La fine del bonus assunzioni rischia di portarsi dietro anche le centinaia di migliaia di posti da esso finora garantiti. Ma le cose stanno davvero così? E quanti, secondo valutazioni forzatamente approssimative, potrebbero essere gli occupati senza futuro una volta terminati gli incentivi?
 
Partiamo da una certezza: l'impresa che per motivi economici (oltre che ovviamente per giusta causa) può licenziare senza reintegra i suoi dipendenti con contratto a tempo indeterminato oggi ha le porte spalancate dalla riforma dell'articolo 18, uno dei nodi più controversi della riforma del Jobs act. Caduto il vecchio tabù, insomma, perderebbero quota i dubbi sollevati dalla fine dell'incentivo all'assunzione: «Se un'azienda è in crisi, la decontribuzione e i suoi effetti passano forzatamente in secondo piano», conferma con l'abituale onestà intellettuale il segretario confederale della Uil Guglielmo Loi, uno dei più competenti in materia. E aggiunge: «Naturalmente certe decisioni hanno un costo spesso non trascurabile per l'azienda e quindi vanno valutate con attenzione anche perché rinunciare a personale assunto tre anni prima dopo averlo formato e inserito nel processo lavorativo, giorno dopo giorno, non è affatto scontato».

Dunque, se non esistono i presupposti del licenziamento, è proprio sui costi che bisogna allora ragionare. L'azienda che conferma il contratto anche dopo il triennio di decontribuzione (attenzione: nel 2015, come ricorda l'Inps, il bonus ha interessato solo i due terzi dei nuovi assunti e spesso ha favorito il passaggio dai contratti a tempo a quelli a tempo pieno, senza creare sempre posti ex novo, cioè) sa che d'ora in avanti dovrà pagare per intero i contributi previdenziali. Il costo del lavoro aumenterà dunque per ogni nuovo contratto del 24% come è facile desumere. Conviene, non conviene?

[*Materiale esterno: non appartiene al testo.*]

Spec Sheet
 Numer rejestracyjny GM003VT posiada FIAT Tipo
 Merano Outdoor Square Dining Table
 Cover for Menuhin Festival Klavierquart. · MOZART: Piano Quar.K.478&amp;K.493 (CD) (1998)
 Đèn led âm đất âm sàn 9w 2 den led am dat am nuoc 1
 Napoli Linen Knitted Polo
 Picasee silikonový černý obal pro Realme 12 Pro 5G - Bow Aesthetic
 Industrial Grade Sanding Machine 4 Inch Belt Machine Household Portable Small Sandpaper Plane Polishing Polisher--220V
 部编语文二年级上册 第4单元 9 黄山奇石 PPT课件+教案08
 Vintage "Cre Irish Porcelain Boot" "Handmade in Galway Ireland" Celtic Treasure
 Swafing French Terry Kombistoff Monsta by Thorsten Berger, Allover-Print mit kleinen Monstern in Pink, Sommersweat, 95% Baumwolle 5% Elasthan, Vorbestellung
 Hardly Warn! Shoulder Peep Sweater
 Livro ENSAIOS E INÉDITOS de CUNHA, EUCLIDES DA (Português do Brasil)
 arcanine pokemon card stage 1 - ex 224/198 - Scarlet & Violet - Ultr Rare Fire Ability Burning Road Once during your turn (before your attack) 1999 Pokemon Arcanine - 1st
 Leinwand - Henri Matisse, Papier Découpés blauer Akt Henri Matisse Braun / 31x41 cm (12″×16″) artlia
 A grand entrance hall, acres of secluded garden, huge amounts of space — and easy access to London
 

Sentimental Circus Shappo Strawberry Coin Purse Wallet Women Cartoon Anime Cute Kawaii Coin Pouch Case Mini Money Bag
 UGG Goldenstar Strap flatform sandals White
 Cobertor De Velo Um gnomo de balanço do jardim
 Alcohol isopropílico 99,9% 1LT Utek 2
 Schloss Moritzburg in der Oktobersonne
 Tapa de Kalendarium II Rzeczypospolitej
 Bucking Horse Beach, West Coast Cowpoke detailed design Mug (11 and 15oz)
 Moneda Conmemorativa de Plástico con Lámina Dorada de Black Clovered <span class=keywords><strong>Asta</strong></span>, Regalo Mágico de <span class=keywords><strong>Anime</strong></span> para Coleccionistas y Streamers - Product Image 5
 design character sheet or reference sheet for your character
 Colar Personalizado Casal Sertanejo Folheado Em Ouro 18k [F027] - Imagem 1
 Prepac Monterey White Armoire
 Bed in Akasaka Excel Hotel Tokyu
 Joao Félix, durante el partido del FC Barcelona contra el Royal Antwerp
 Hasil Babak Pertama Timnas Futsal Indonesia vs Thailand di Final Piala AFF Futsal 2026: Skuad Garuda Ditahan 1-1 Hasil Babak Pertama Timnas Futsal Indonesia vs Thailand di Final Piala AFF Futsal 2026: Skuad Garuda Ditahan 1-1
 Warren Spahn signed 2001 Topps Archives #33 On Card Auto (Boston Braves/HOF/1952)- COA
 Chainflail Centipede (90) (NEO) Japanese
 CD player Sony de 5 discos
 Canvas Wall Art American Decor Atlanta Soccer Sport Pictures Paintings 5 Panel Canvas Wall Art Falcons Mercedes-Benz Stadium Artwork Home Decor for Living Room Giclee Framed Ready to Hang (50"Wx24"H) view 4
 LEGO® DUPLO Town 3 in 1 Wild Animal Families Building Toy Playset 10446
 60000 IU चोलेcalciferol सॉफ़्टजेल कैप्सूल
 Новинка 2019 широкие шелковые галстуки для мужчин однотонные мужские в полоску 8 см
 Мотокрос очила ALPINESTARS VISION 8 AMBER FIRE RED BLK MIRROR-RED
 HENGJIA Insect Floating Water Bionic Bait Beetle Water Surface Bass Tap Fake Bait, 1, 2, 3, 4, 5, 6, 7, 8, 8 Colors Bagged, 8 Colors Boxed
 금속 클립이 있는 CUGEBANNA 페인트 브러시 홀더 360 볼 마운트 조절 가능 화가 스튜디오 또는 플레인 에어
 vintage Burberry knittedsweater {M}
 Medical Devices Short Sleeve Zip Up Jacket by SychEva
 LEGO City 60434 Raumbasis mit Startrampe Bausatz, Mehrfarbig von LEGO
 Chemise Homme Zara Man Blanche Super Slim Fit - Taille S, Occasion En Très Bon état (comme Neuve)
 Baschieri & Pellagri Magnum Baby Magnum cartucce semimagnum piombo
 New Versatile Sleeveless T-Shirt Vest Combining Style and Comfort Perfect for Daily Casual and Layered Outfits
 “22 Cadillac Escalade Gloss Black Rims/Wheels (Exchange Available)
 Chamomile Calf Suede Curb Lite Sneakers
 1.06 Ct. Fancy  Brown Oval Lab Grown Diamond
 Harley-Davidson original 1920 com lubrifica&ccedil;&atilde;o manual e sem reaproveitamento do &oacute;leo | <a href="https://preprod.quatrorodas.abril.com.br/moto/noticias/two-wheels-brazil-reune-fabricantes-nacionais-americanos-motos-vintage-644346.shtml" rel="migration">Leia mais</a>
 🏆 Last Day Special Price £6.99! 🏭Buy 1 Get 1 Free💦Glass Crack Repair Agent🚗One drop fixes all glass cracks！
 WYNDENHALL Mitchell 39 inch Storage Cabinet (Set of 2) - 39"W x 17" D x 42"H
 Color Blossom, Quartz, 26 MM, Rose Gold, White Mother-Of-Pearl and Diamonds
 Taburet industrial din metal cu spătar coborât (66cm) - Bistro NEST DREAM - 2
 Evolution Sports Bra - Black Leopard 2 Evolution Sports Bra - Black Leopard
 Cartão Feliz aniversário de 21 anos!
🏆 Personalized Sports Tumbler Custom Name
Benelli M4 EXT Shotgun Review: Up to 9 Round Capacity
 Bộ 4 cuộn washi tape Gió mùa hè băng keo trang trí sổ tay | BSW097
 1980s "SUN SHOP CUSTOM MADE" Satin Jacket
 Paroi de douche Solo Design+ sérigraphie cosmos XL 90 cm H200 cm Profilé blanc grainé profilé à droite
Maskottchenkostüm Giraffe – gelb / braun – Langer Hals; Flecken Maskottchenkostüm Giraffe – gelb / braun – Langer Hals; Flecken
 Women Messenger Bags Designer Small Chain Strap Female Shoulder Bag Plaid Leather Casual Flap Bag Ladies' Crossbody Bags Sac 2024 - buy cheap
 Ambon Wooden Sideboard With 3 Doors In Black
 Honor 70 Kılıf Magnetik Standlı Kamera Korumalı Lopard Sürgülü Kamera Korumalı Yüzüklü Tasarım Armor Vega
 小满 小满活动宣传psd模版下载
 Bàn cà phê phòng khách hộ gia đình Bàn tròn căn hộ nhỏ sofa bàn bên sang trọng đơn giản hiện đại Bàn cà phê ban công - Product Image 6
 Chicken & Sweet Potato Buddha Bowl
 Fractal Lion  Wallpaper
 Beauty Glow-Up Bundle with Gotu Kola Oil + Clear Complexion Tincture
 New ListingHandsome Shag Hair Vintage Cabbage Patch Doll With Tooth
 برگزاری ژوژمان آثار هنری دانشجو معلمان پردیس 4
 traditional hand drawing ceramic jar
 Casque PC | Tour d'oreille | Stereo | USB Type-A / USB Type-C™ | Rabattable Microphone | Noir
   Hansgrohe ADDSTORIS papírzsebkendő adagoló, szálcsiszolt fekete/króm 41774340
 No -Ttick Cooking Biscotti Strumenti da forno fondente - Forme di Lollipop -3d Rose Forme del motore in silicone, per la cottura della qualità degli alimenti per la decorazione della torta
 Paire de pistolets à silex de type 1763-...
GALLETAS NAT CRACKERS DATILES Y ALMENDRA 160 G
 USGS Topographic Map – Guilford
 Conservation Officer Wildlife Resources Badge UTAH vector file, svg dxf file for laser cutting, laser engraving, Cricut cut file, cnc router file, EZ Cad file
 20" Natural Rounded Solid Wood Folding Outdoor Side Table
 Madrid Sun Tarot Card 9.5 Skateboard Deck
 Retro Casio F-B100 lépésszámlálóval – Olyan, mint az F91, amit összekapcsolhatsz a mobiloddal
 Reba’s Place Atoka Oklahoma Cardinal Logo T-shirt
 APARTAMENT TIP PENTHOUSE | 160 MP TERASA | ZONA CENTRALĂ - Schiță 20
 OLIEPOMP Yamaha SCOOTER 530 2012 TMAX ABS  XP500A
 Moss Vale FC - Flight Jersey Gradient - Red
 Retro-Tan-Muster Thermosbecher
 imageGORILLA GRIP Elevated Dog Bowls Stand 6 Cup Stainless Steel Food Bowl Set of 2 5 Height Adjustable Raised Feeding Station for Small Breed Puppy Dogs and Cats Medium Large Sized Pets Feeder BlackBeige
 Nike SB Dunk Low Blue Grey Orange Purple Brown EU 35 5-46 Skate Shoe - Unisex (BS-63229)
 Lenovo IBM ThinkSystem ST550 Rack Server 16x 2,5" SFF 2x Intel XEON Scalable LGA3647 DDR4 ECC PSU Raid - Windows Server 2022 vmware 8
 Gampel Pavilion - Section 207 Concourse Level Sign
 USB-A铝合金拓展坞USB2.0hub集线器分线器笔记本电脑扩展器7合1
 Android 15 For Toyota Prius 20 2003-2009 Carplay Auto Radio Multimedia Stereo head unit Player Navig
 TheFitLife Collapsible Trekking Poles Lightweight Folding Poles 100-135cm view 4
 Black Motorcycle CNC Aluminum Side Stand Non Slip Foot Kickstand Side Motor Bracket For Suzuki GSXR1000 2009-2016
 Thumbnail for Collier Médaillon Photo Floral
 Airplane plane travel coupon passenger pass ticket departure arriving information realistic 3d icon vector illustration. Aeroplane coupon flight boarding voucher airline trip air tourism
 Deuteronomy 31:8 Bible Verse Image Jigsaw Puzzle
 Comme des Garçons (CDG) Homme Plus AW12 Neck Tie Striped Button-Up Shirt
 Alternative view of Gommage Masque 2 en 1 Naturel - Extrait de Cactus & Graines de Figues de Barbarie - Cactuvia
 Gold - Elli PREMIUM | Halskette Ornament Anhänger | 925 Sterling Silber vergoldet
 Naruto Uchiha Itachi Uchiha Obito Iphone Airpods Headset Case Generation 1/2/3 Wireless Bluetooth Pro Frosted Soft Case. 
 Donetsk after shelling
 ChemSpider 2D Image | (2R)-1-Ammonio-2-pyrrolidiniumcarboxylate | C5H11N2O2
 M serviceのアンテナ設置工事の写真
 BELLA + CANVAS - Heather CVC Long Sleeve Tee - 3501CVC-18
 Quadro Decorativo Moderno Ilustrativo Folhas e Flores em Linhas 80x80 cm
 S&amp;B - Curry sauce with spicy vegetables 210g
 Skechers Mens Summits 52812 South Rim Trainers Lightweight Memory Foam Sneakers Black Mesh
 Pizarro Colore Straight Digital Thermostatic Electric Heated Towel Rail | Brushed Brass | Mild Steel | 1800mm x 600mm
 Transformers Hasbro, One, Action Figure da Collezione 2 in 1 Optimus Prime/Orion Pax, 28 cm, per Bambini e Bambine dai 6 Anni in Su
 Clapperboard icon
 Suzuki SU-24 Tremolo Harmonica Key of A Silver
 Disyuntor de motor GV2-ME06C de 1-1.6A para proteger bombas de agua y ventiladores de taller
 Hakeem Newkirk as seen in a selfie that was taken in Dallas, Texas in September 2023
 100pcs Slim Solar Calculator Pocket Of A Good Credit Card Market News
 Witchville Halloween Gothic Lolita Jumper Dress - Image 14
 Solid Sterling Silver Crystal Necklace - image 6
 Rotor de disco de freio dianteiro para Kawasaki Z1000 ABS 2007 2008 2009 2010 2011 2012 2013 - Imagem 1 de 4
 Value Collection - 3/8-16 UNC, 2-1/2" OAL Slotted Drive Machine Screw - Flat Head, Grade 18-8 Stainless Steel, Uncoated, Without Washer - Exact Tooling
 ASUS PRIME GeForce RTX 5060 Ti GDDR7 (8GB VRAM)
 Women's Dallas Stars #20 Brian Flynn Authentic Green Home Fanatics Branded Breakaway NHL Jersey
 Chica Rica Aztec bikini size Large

Dipende ovviamente da tanti fattori, primo tra tutti la capacità dell'azienda di programmare il futuro con elementi di certezza. «E il trend di crescita del Paese, che dovrebbe irrobustirsi ulteriormente quest'anno, è sicuramente un forte incentivo alla fiducia delle imprese - dice Maurizio Stirpe, vicepresidente di Confindustria con delega al Lavoro e alle Relazioni industriali -. Non dimentichiamo che chi licenzia non potrebbe poi assumere nessun altro con un contratto a tempo indeterminato per tre anni, quando magari avrebbe bisogno di farlo. In ogni caso non credo che nessun imprenditore voglia privarsi di un investimento sul capitale umano durato tre anni».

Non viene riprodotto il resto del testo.